_REQUIRED ACTION_: Look below for the line containing "Rustic Log Cabin" and the line containing "Amilige発泡プリントセーラーカラースウェット", then set down both and every line between them exactly, without pictures.

_INPUT_:
---

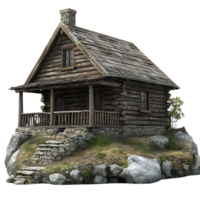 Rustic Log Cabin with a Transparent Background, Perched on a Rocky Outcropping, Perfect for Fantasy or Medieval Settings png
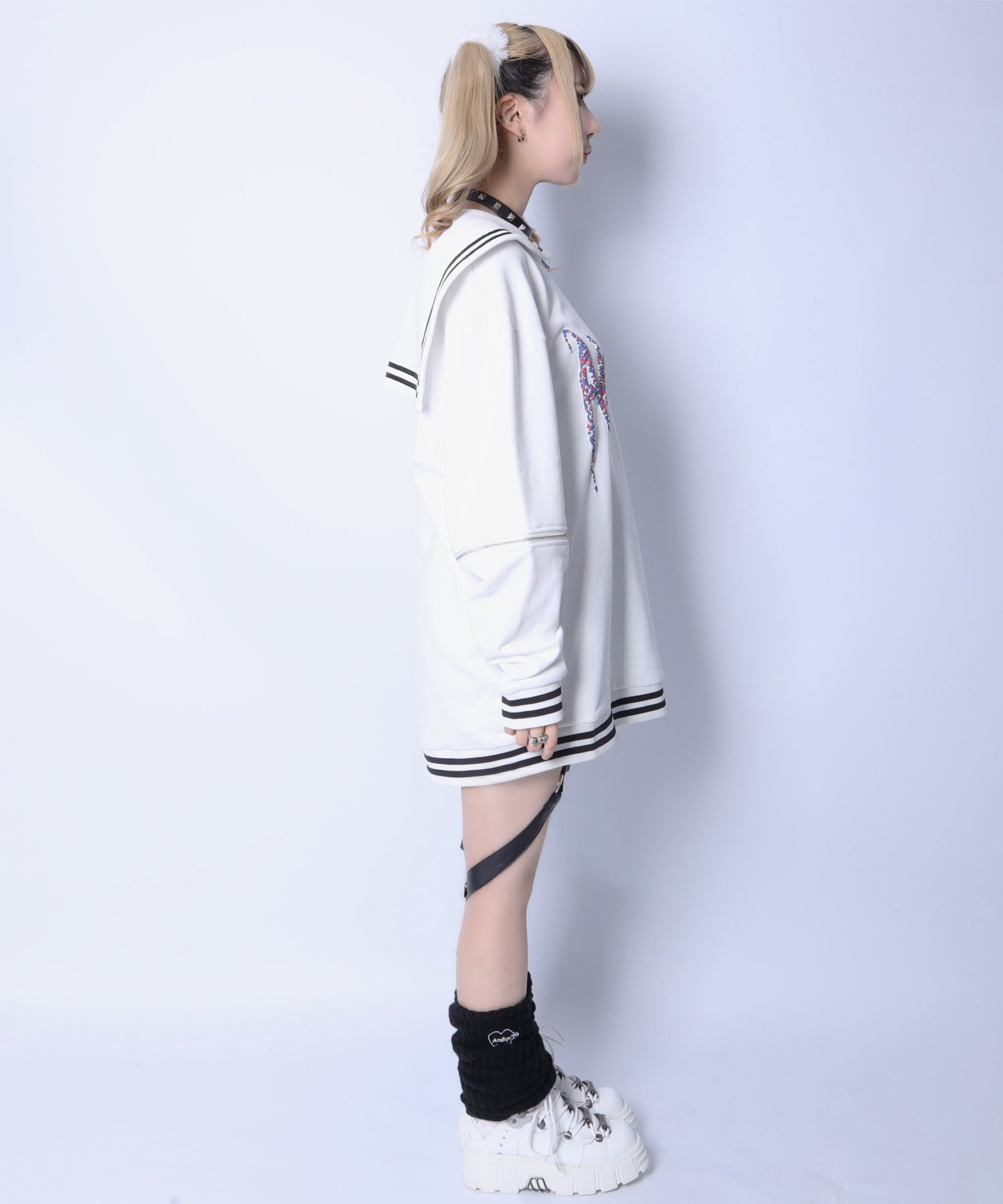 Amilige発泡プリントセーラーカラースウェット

---

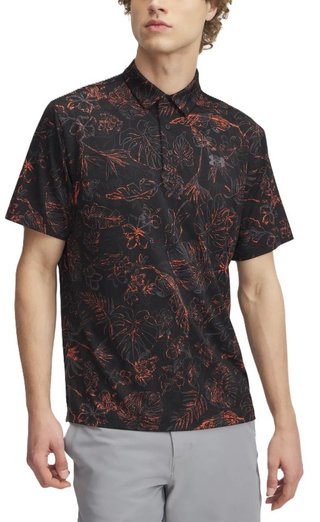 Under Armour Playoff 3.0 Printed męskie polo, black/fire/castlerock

---

_TASK OUTPUT_:
 Rustic Log Cabin with a Transparent Background, Perched on a Rocky Outcropping, Perfect for Fantasy or Medieval Settings png
 Amilige発泡プリントセーラーカラースウェット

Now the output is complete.